A few months ago I discovered the ascending order of new forums and found an empty forum and posted in it, wreaking some havoc for one night. The thread was excised the next morning and the phantom forum locked.
AFAIK they don't erase the forums - they make them invisible - since they sometimes refer back to the threads.
Interesting! Once I confirm that HTTrack is actually working properly for the log-in sections, I'll send someone a PM and inquire about the beta forums then. Doesn't hurt to ask. :)
http://wayback.archive.org/web/*/http://boards.cityofheroes.com
I think that this site has already archived the forums a few times over the years (going back to 2004, with the latest being quite recent).
The problem with the Wayback machine is that you won't know if they captured content for a very long time. Their most recent capture of the official forums is July 2011, which is over a year ago. Plus a lot of their copies are are only partial -- I keep getting on their "liveweb" interface when browsing their archive. So they're good for what they already have, but I don't want to depend on them for being complete and up-to-date.
I KNEW it was too good to be true :(.
Maybe we can ask Zwill to unsecret a lot of the old CB boards?
I was part of Issue 18 closed beta, as well as one of the ones prior, but I can't remember if it was immediately prior or something like Issue 16 or even 15. If anyone has a link to the Issue 18 closed beta to try, I'd be happy to get that one. Maybe we farm out the closed beta forums? Put out a Call?
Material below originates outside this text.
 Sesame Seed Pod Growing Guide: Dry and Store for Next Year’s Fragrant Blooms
Just an update -- my attempt to mirror the I24 VIP Beta forums failed. I guess the cookies didn't work right. Of course, the official forums have a tendency to act funny with their cookies anyway, so it's not a big surprise to me. I'll try making another attempt at some point in the next few days, hopefully I'm just doing it wrong and can figure it out.
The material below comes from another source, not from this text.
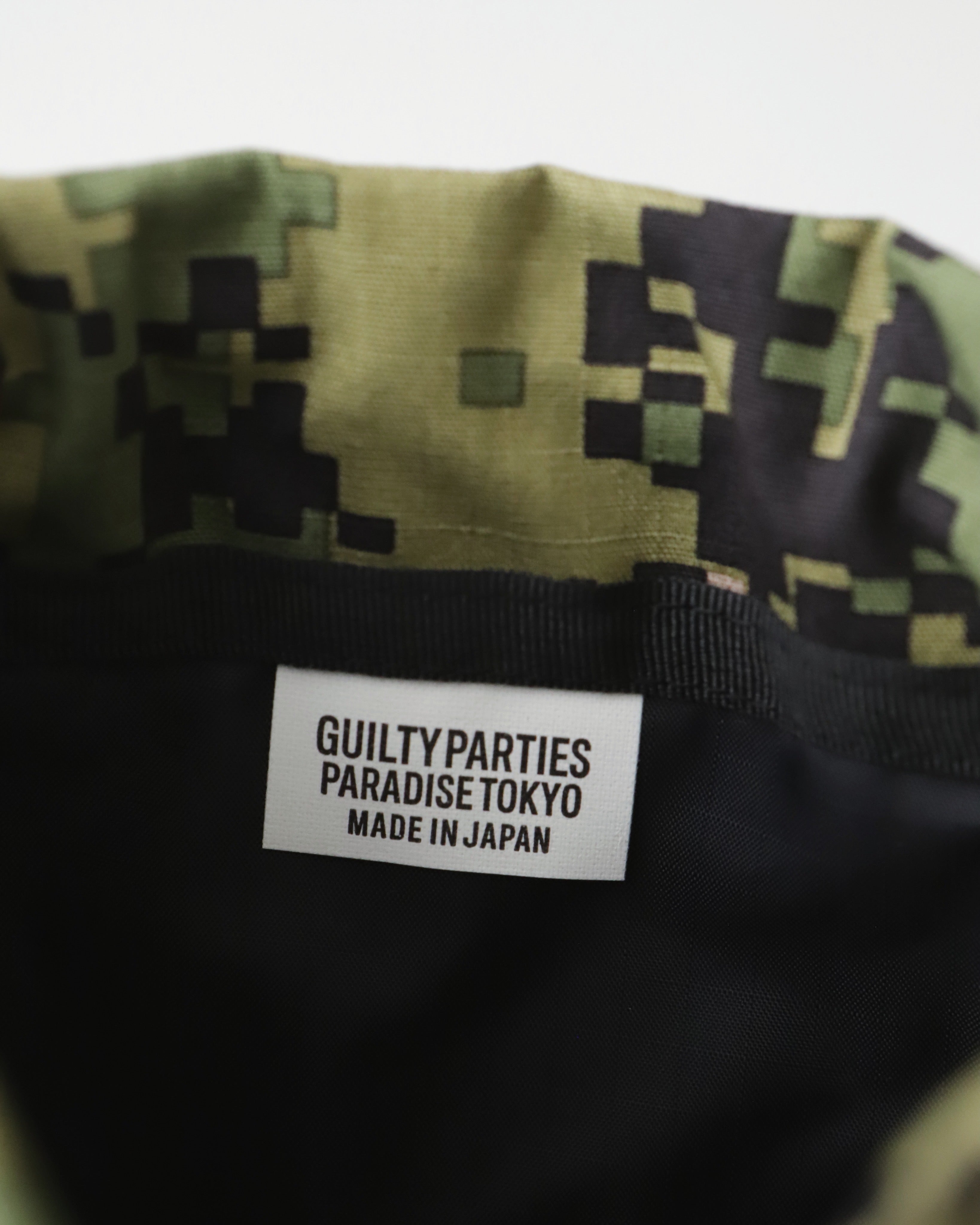 WACKO MARIA DIGTAL CAMO DRAWSTRING BAG – NCNR ONLINE STORE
So at this point, I still don't have a way to archive anything behind a login.
Could you link us to what you have?
Quote from: Sekoia on October 01, 2012, 05:23:06 PM
The problem with the Wayback machine is that you won't know if they captured content for a very long time. Their most recent capture of the official forums is July 2011, which is over a year ago. Plus a lot of their copies are are only partial -- I keep getting on their "liveweb" interface when browsing their archive. So they're good for what they already have, but I don't want to depend on them for being complete and up-to-date.
Not to mention Wayback machine won't always mirror actual threads, just the main page. So you can get a month by month snapshot of what the last threads were updated that day or how many replies a topic got, but that's it.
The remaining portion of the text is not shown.